Data in this exercise =

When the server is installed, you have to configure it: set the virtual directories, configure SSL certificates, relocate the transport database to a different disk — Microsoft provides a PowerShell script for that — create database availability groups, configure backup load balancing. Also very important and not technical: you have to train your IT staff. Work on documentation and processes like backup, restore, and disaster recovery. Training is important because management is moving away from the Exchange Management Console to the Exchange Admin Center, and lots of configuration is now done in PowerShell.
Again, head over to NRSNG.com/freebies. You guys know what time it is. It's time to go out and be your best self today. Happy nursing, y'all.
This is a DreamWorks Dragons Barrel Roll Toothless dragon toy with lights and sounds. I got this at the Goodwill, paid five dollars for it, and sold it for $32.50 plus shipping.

...

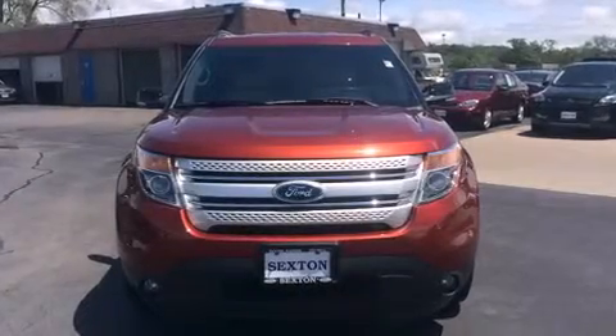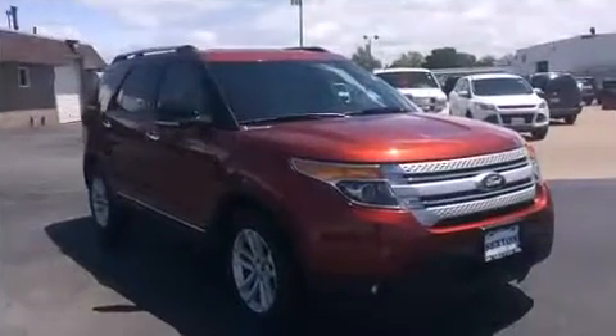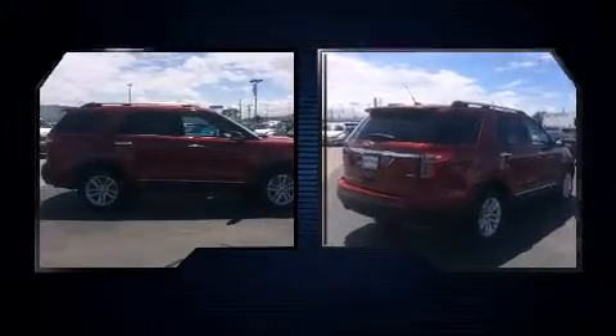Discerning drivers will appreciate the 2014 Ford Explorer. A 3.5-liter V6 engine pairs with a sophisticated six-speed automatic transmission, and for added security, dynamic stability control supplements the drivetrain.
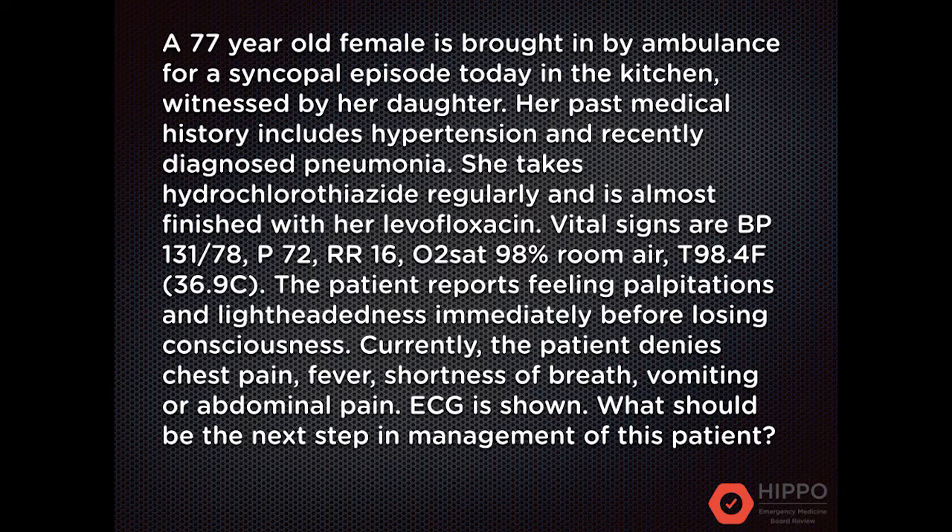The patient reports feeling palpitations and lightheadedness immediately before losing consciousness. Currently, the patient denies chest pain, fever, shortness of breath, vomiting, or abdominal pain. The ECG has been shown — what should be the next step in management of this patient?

About this task =
Scan the data above and copy each line containing the word "your".

Task solution =
When the server is installed, you have to configure it: set the virtual directories, configure SSL certificates, relocate the transport database to a different disk — Microsoft provides a PowerShell script for that — create database availability groups, configure backup load balancing. Also very important and not technical: you have to train your IT staff. Work on documentation and processes like backup, restore, and disaster recovery. Training is important because management is moving away from the Exchange Management Console to the Exchange Admin Center, and lots of configuration is now done in PowerShell.
Again, head over to NRSNG.com/freebies. You guys know what time it is. It's time to go out and be your best self today. Happy nursing, y'all.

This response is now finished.